Dalam merumuskan konsepsi maqashid al-syari’ah, fokus utamanya adalah untuk mencapai maslahah dan menghindari mafsadah. Menurut Imam al-Ghazali, maslahah didefinisikan sebagai sabili al-ibtida’, yaitu upaya untuk mencapai kesejahteraan. Upaya menuju kesejahteraan haruslah selalu diiringi dengan usaha untuk menghindari timbulnya kerusakan. Jika kesejahteraan dicapai dengan cara yang menimbulkan kerusakan, maka hal tersebut tidak dapat disebut sebagai keberhasilan dalam mencapainya.
Dalam konteks fiqih kedokteran, maslahah diartikan sebagai apa pun yang dapat membawa keadaan yang baik. Secara terminologi, Al Ghazali mendefinisikan maslahah sebagai menarik manfaat dan menolak kemudlaratan atau kerusakan. Oleh karena itu, esensi dari maslahah sejatinya adalah untuk mendatangkan manfaat dan menghindari segala bentuk kerusakan.
Ada tiga pendekatan dalam menggali hukum problematika kekinian terkait dengan maqashid al-syari’ah. Pertama, ulama yang berpedoman pada nash secara harfiah tanpa mempertimbangkan maslahah lainnya. Kedua, ulama yang mencoba menggali maqashid al-syari’ah berdasarkan nash, kemudian menetapkan hukum berdasarkan ‘illat hukumnya. Terakhir, ulama yang berusaha menggali hukum tanpa berdasarkan dalil syara’ guna menjaga kebenaran maqâshid al-syarî’ah yang diakui oleh syara’.

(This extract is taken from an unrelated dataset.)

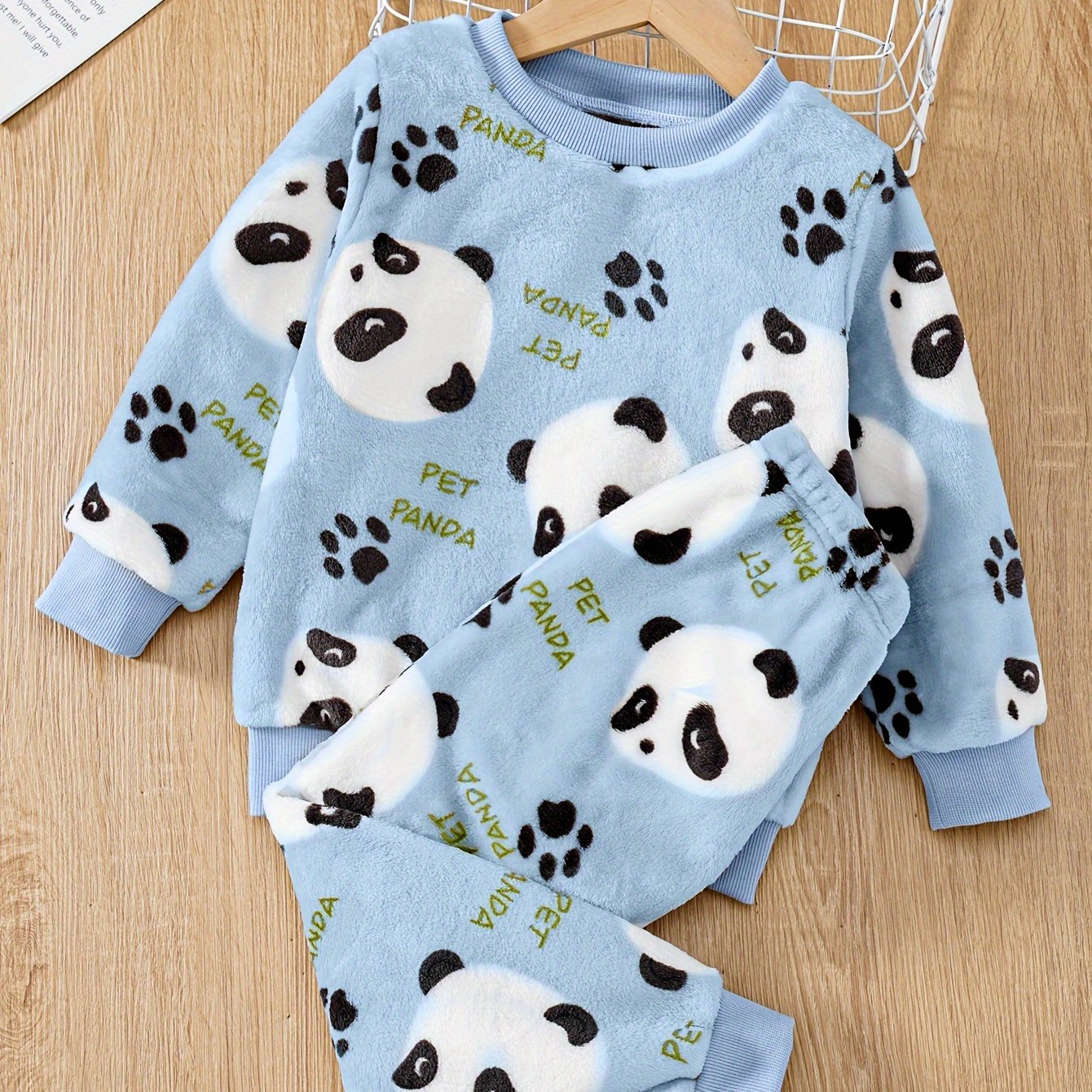 Panda Print Fleece Sweatshirt and Pants Set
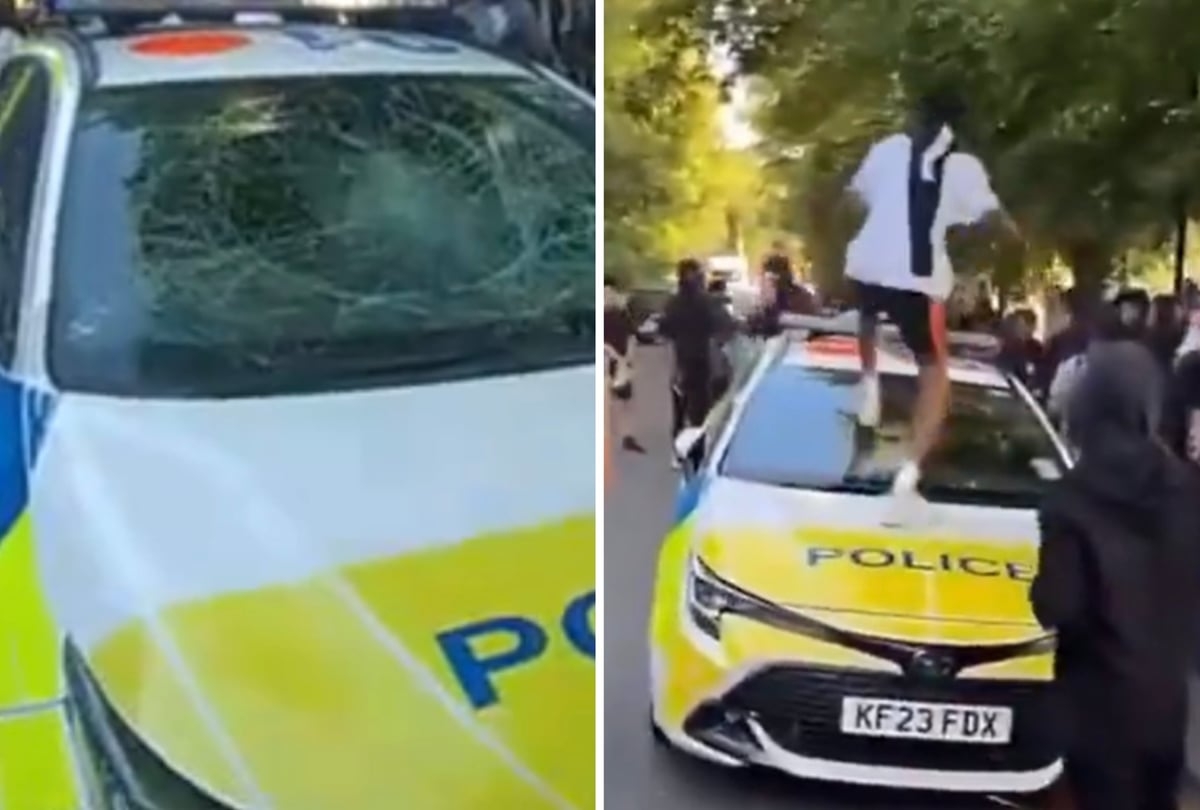 Moment teenage vandal breaks windscreen of police car in London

Pentingnya memperhatikan maqâshid dalam hukum tercermin dalam penjagaan terhadap nyawa, akal, kehormatan, agama, dan nasab. Setiap ulama memiliki pandangan stratifikasi yang berbeda terkait dengan kewajiban penjagaan tersebut, yang akan berdampak besar pada hukum yang dihasilkan. Oleh karena itu, pemahaman yang mendalam terhadap fiqih maqâshid sangat penting agar tidak terjerumus dalam kesalahan pemahaman hukum.
Hukum harus memberikan perhatian yang besar terhadap usaha untuk mencapai kemaslahatan dan menghindari kerusakan. Sistematisasi pemahaman ini akan membantu dalam merumuskan keputusan hukum yang tepat dan sesuai dengan prinsip-prinsip syari’ah.